━━━ AVAILABLE DATA

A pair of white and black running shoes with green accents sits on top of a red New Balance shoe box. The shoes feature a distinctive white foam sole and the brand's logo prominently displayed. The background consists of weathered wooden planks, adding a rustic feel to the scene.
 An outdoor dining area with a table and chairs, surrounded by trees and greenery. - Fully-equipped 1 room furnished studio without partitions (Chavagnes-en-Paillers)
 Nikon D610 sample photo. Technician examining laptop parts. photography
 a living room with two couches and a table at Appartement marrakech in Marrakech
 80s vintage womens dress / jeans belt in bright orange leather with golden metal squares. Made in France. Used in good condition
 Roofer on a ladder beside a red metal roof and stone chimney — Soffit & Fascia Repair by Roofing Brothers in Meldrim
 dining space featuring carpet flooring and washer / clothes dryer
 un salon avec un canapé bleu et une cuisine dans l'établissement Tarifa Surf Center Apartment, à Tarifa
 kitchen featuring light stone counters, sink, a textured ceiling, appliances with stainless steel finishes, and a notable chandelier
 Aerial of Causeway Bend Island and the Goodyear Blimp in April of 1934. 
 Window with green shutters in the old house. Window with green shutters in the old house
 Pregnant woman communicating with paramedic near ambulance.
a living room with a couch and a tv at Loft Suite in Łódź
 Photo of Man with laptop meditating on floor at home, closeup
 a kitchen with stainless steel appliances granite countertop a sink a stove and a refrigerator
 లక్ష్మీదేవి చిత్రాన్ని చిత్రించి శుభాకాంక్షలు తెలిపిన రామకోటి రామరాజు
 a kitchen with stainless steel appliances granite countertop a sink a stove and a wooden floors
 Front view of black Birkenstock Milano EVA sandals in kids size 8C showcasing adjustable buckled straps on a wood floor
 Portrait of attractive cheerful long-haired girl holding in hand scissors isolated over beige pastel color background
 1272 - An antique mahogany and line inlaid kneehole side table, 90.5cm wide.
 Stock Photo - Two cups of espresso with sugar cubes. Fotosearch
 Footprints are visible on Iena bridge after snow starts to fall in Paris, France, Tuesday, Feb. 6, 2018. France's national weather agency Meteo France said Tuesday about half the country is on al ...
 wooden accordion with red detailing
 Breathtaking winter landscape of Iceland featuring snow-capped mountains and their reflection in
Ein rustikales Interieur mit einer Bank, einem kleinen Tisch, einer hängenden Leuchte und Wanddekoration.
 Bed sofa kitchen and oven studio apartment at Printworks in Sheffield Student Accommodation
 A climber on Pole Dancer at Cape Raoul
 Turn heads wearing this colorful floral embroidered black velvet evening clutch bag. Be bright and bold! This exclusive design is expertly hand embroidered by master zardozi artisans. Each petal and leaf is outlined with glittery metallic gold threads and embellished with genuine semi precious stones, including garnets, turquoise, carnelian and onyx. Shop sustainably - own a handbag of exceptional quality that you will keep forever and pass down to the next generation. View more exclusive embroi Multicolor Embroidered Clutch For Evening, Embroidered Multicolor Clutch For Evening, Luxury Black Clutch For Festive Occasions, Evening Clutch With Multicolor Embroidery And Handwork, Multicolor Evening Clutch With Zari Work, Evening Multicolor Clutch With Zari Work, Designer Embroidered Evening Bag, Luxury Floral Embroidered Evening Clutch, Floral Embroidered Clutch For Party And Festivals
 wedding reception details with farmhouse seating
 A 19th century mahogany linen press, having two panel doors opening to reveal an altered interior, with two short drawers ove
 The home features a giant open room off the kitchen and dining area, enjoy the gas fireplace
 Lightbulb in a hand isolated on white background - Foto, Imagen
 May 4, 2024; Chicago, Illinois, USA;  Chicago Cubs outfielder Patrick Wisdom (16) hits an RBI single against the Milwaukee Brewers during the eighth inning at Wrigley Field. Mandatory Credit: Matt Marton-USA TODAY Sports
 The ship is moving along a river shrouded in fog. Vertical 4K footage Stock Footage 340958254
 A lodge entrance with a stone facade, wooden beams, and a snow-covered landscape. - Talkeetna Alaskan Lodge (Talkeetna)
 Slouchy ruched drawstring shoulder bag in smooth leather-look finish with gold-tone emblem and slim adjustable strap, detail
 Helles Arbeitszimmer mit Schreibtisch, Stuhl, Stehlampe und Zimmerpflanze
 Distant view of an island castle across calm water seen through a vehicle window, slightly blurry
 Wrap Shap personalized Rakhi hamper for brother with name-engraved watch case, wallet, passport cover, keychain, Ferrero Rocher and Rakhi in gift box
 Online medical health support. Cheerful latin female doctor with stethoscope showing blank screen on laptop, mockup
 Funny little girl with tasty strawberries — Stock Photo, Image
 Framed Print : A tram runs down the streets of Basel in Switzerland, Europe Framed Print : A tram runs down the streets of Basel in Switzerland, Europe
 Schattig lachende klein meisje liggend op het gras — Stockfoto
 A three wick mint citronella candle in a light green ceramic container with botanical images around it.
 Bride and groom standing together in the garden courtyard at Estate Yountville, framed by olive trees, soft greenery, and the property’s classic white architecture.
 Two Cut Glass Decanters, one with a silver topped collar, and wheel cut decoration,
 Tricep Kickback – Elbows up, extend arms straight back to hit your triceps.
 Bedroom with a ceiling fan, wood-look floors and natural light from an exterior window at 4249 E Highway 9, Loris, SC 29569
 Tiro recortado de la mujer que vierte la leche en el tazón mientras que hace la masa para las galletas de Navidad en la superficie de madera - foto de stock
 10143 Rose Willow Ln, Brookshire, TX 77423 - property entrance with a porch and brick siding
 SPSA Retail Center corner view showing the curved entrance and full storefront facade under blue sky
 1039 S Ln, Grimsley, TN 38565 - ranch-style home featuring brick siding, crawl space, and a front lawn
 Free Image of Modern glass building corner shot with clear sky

━━━━━━

### [INSTRUCTIONS FOR THE TASK]
The response should hold exactly the lines starting at the line with "1272 - An antique" and ending at the line with "A climber on Pole Dancer at Cape Raoul", and no other line of the material above.

### [RESULT OF THIS EXERCISE]
 1272 - An antique mahogany and line inlaid kneehole side table, 90.5cm wide.
 Stock Photo - Two cups of espresso with sugar cubes. Fotosearch
 Footprints are visible on Iena bridge after snow starts to fall in Paris, France, Tuesday, Feb. 6, 2018. France's national weather agency Meteo France said Tuesday about half the country is on al ...
 wooden accordion with red detailing
 Breathtaking winter landscape of Iceland featuring snow-capped mountains and their reflection in
Ein rustikales Interieur mit einer Bank, einem kleinen Tisch, einer hängenden Leuchte und Wanddekoration.
 Bed sofa kitchen and oven studio apartment at Printworks in Sheffield Student Accommodation
 A climber on Pole Dancer at Cape Raoul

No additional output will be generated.